## ACTIVITY
What is needed is an exact copy of the records below, minus any pictures.

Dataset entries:
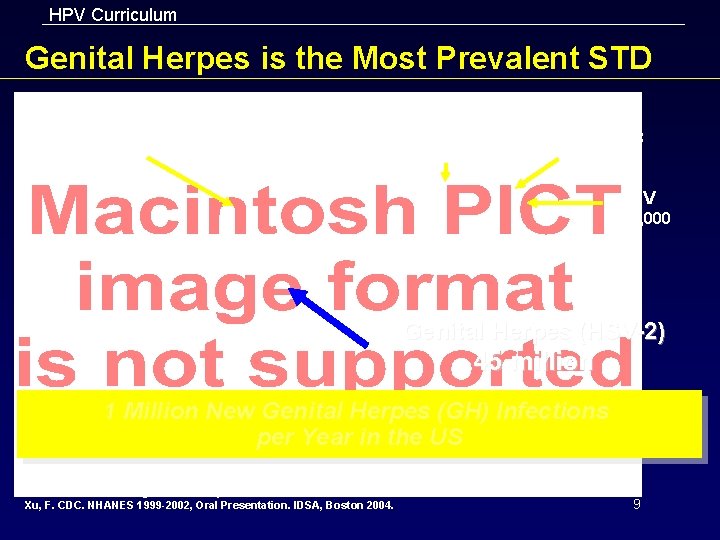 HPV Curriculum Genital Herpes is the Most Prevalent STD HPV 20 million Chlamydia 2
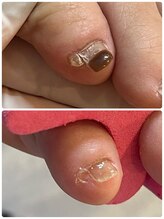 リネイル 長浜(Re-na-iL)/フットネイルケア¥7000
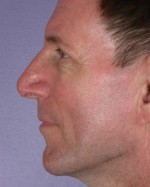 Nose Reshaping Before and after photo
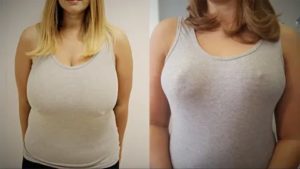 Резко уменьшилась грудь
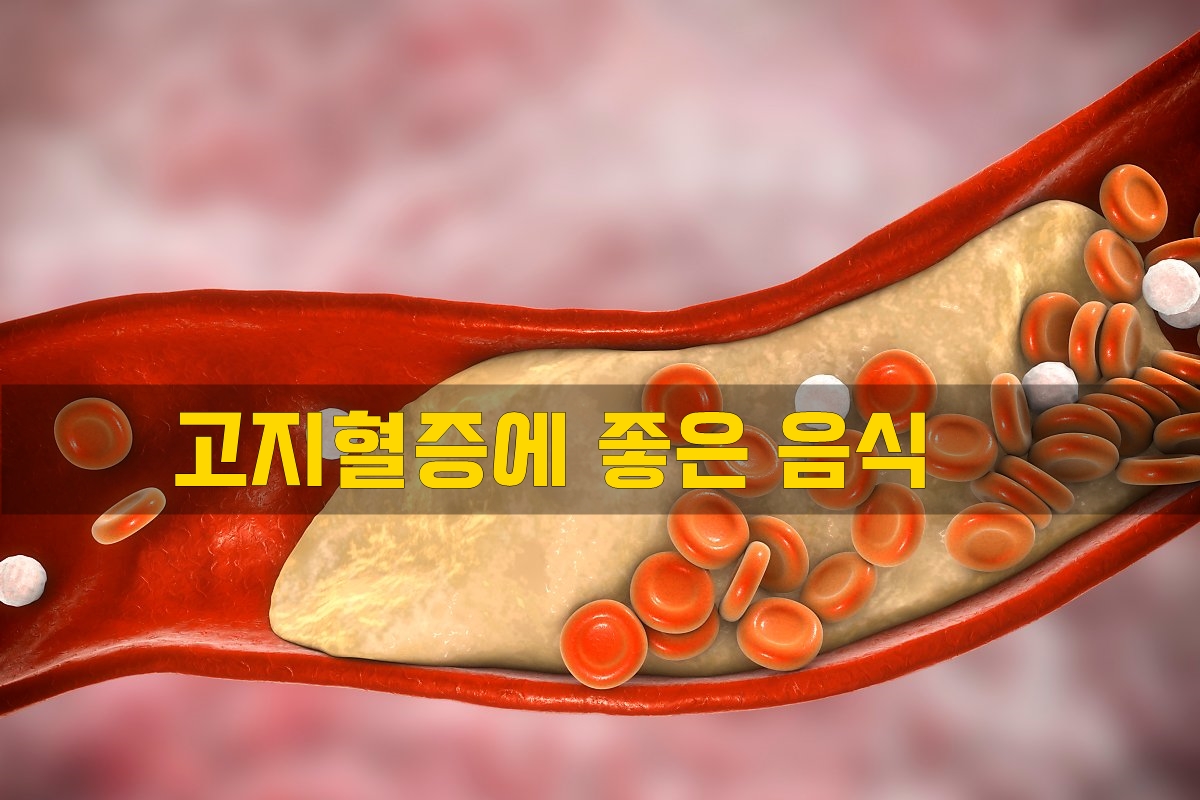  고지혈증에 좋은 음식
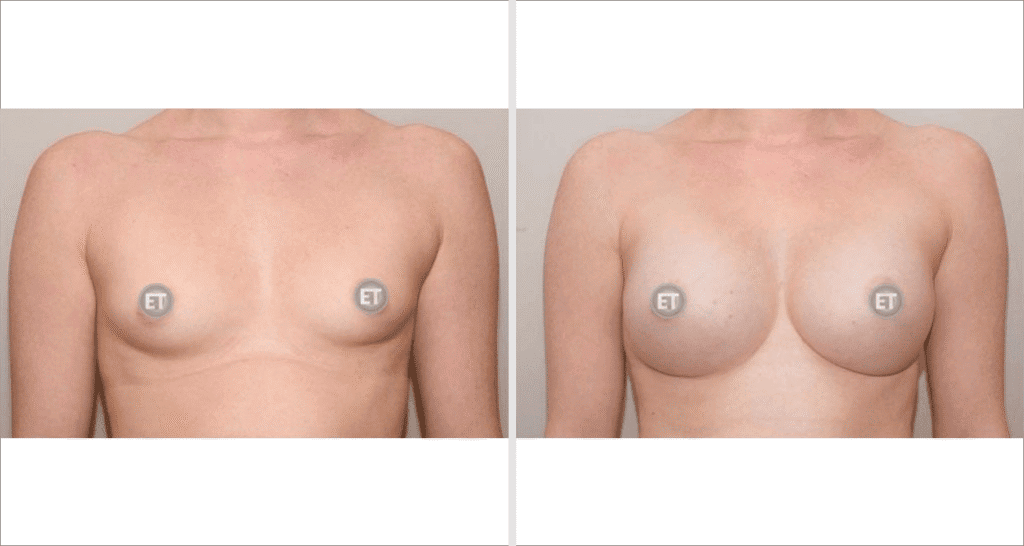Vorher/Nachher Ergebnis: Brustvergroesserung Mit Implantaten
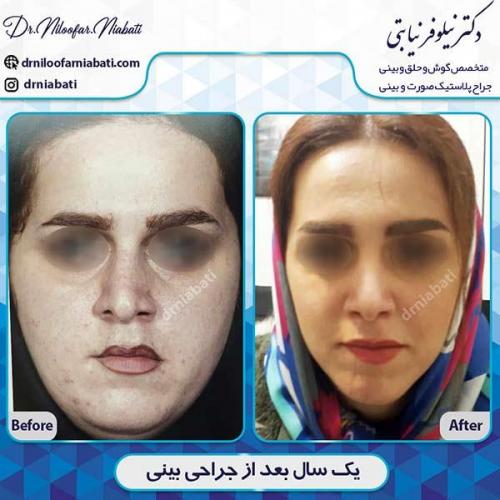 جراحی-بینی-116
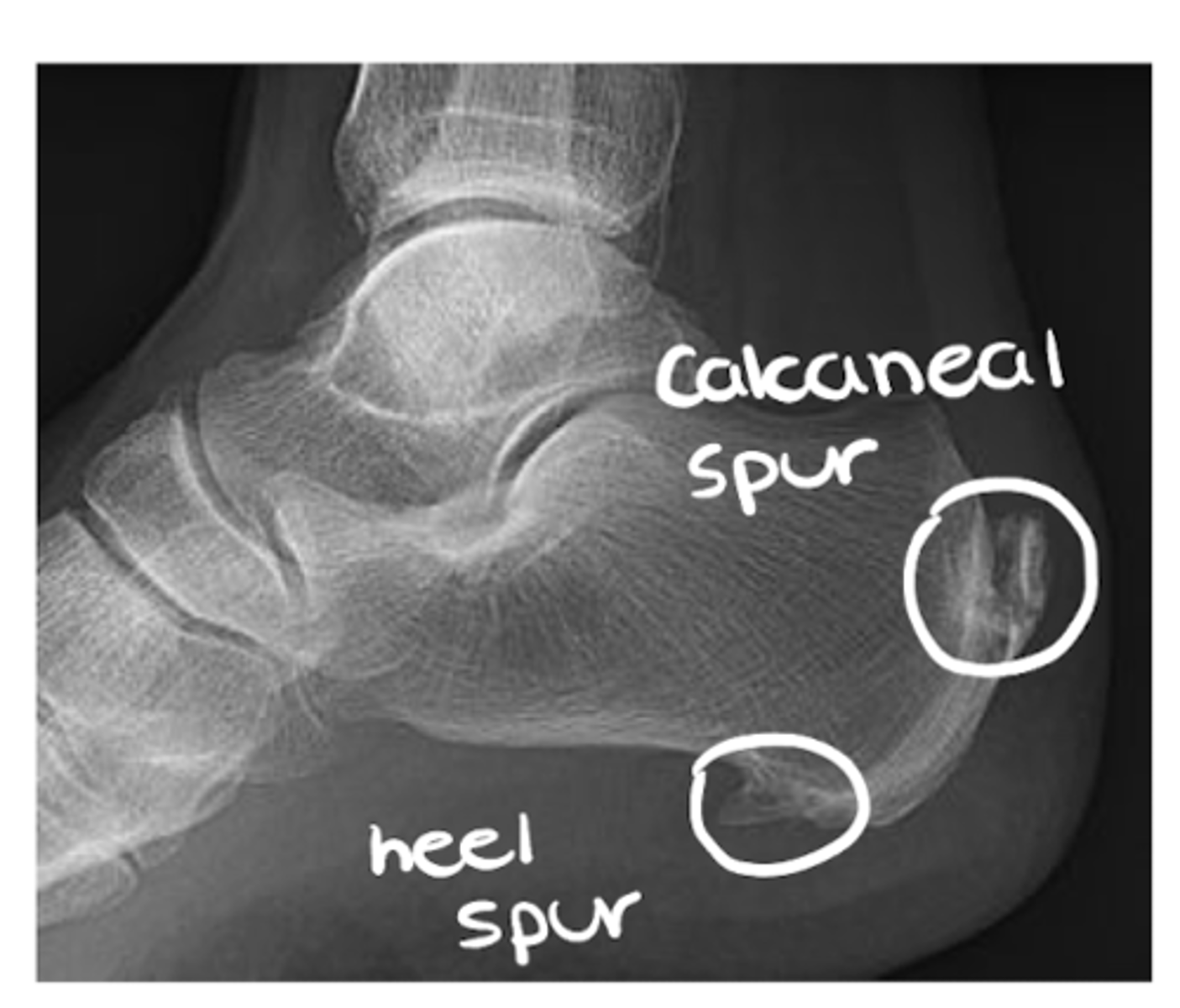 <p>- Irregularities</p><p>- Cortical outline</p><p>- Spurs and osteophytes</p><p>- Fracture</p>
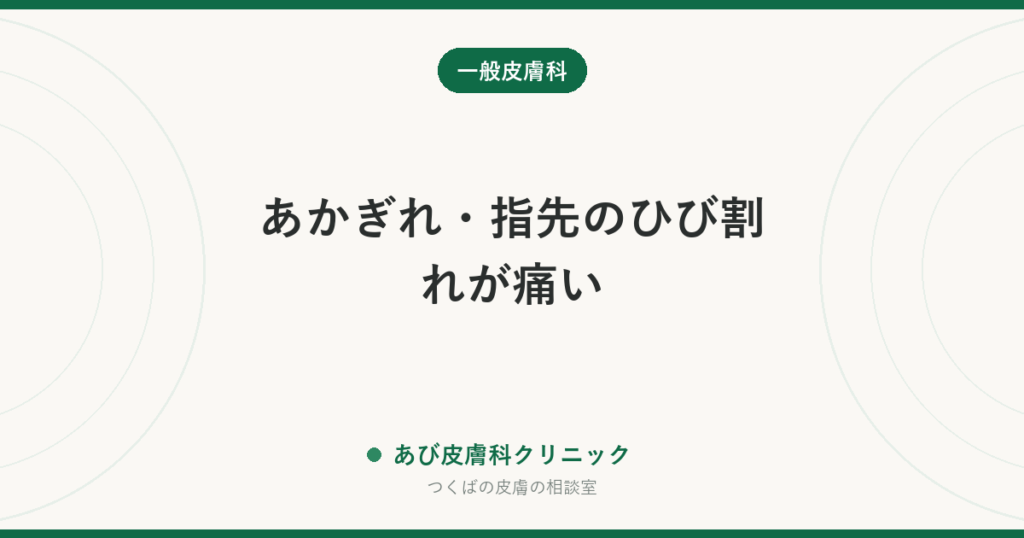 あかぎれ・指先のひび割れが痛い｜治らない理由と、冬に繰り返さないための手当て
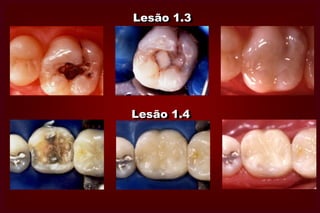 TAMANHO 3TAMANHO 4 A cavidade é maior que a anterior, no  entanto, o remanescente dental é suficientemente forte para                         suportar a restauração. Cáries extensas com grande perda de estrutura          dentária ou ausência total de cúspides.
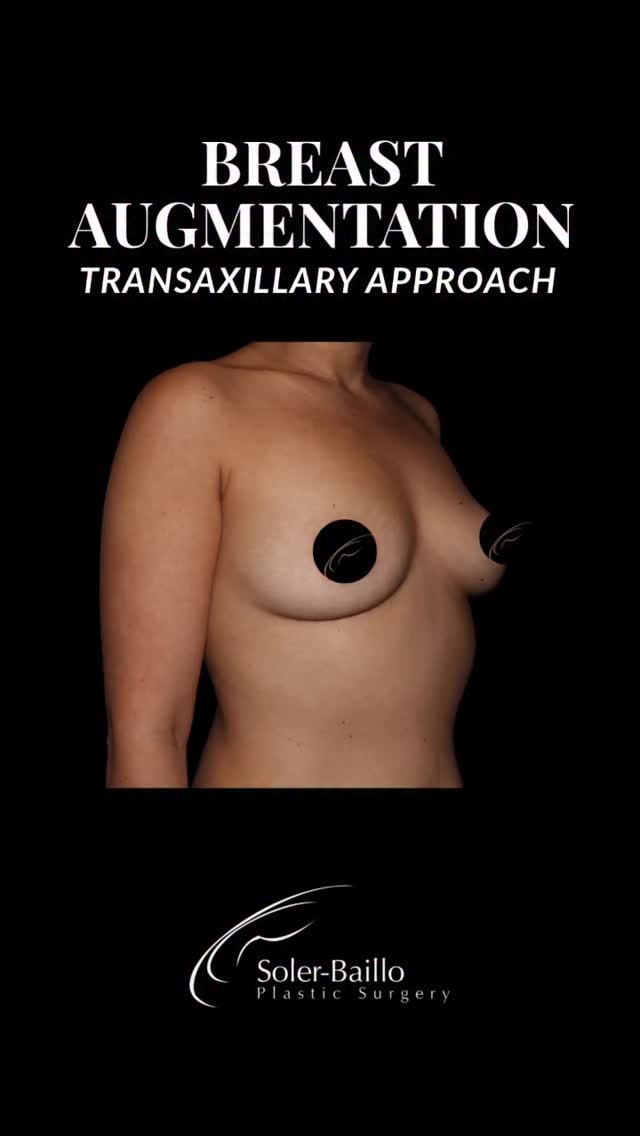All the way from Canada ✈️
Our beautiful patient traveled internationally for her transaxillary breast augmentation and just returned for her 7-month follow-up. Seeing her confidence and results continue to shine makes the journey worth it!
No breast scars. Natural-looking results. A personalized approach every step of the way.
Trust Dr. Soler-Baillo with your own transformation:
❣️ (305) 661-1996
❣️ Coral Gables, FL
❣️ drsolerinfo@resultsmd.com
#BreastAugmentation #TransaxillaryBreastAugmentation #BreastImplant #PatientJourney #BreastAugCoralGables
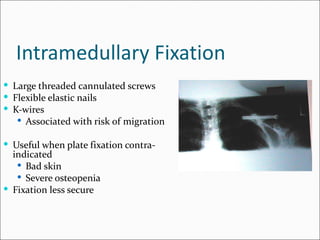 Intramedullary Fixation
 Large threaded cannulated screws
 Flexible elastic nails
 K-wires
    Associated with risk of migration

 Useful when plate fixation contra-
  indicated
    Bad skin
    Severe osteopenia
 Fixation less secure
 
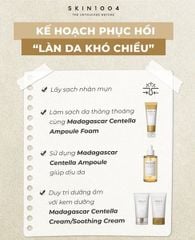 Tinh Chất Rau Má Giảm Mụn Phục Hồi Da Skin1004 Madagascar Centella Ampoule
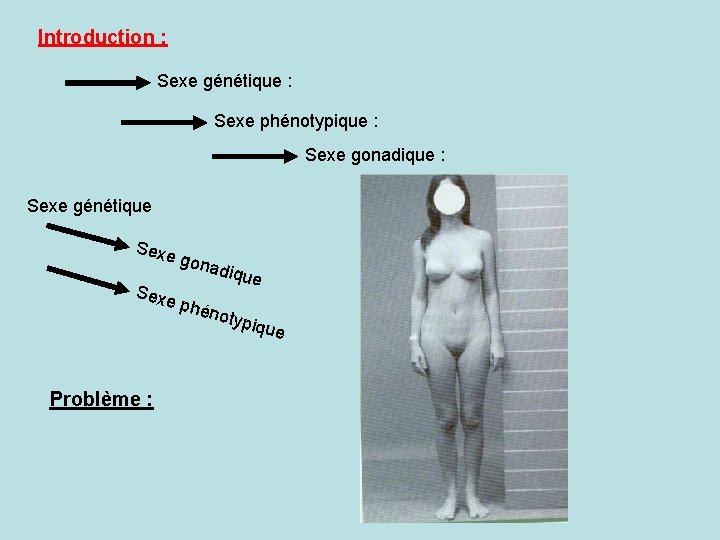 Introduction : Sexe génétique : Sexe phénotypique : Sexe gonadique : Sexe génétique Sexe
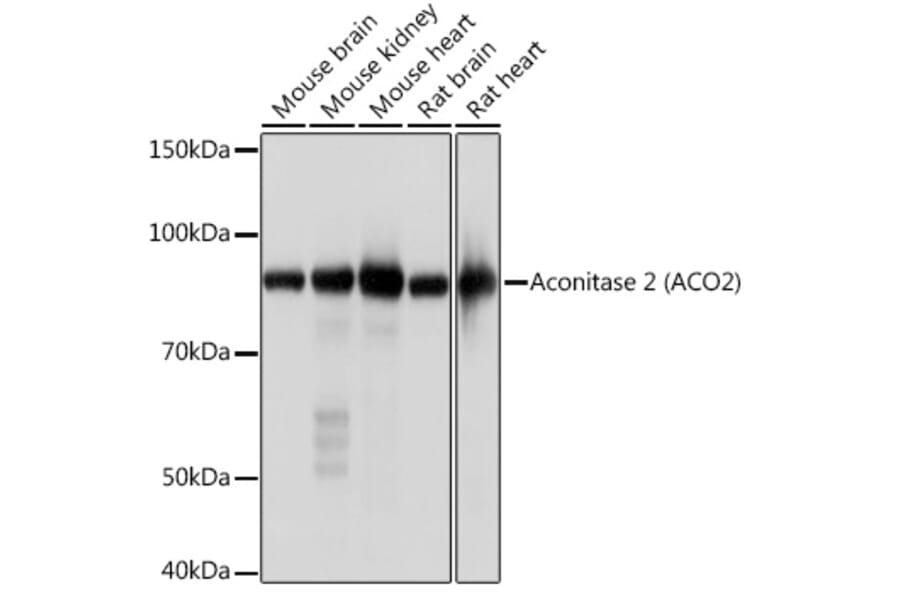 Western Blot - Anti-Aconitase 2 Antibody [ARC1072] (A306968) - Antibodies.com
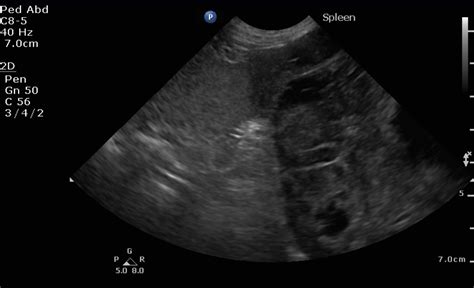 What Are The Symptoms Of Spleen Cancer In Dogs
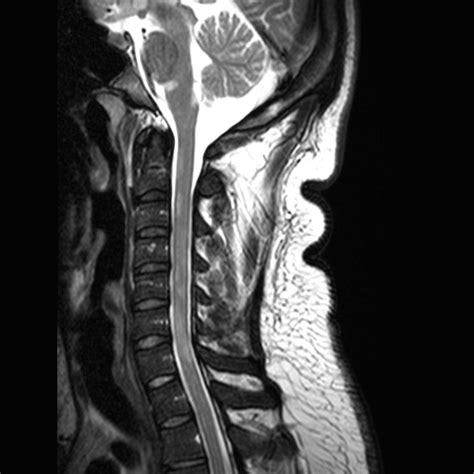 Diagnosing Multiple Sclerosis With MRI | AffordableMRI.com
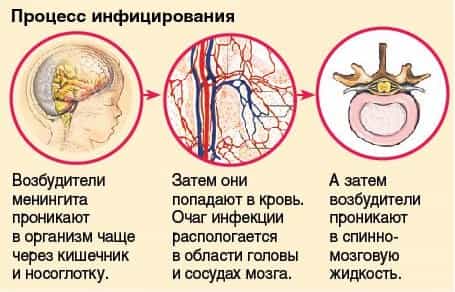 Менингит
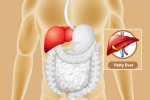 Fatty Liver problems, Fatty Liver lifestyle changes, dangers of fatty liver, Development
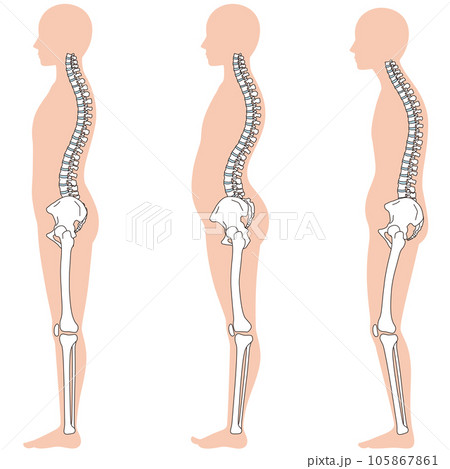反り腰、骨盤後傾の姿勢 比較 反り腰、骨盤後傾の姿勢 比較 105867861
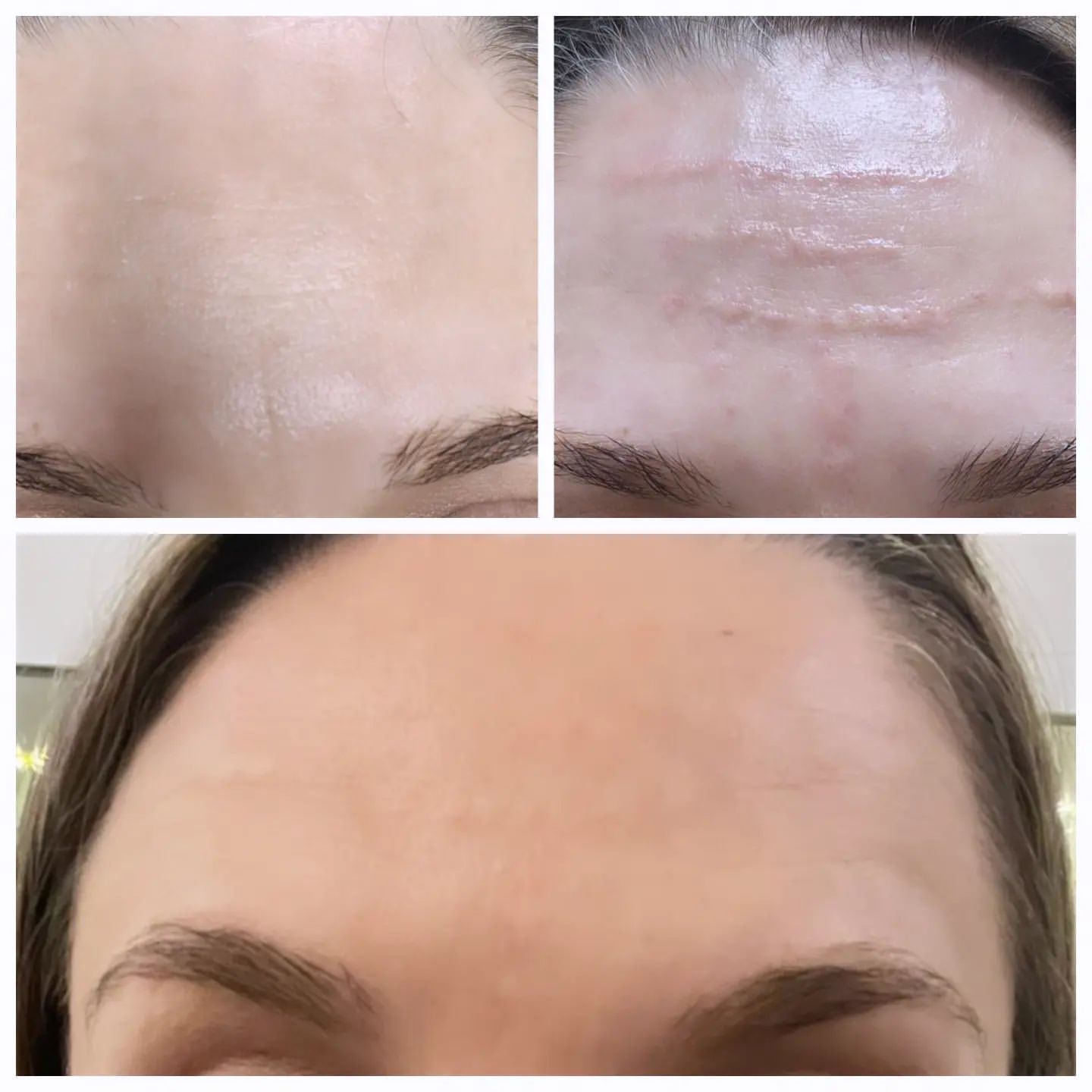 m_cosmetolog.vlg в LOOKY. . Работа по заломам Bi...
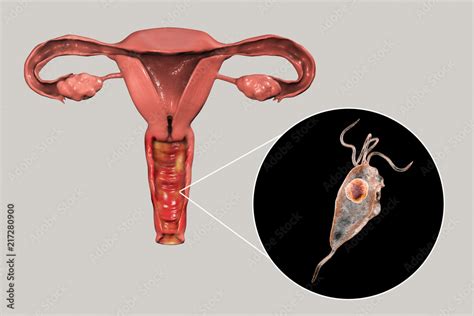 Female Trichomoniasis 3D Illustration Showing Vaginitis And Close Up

## TASK OUTPUT
 HPV Curriculum Genital Herpes is the Most Prevalent STD HPV 20 million Chlamydia 2
 リネイル 長浜(Re-na-iL)/フットネイルケア¥7000
 Nose Reshaping Before and after photo
 Резко уменьшилась грудь
  고지혈증에 좋은 음식
Vorher/Nachher Ergebnis: Brustvergroesserung Mit Implantaten
 جراحی-بینی-116
 <p>- Irregularities</p><p>- Cortical outline</p><p>- Spurs and osteophytes</p><p>- Fracture</p>
 あかぎれ・指先のひび割れが痛い｜治らない理由と、冬に繰り返さないための手当て
 TAMANHO 3TAMANHO 4 A cavidade é maior que a anterior, no  entanto, o remanescente dental é suficientemente forte para                         suportar a restauração. Cáries extensas com grande perda de estrutura          dentária ou ausência total de cúspides.
All the way from Canada ✈️
Our beautiful patient traveled internationally for her transaxillary breast augmentation and just returned for her 7-month follow-up. Seeing her confidence and results continue to shine makes the journey worth it!
No breast scars. Natural-looking results. A personalized approach every step of the way.
Trust Dr. Soler-Baillo with your own transformation:
❣️ (305) 661-1996
❣️ Coral Gables, FL
❣️ drsolerinfo@resultsmd.com
#BreastAugmentation #TransaxillaryBreastAugmentation #BreastImplant #PatientJourney #BreastAugCoralGables
 Intramedullary Fixation
 Large threaded cannulated screws
 Flexible elastic nails
 K-wires
    Associated with risk of migration

 Useful when plate fixation contra-
  indicated
    Bad skin
    Severe osteopenia
 Fixation less secure
 
 Tinh Chất Rau Má Giảm Mụn Phục Hồi Da Skin1004 Madagascar Centella Ampoule
 Introduction : Sexe génétique : Sexe phénotypique : Sexe gonadique : Sexe génétique Sexe
 Western Blot - Anti-Aconitase 2 Antibody [ARC1072] (A306968) - Antibodies.com
 What Are The Symptoms Of Spleen Cancer In Dogs
 Diagnosing Multiple Sclerosis With MRI | AffordableMRI.com
 Менингит
 Fatty Liver problems, Fatty Liver lifestyle changes, dangers of fatty liver, Development
反り腰、骨盤後傾の姿勢 比較 反り腰、骨盤後傾の姿勢 比較 105867861
 m_cosmetolog.vlg в LOOKY. . Работа по заломам Bi...
 Female Trichomoniasis 3D Illustration Showing Vaginitis And Close Up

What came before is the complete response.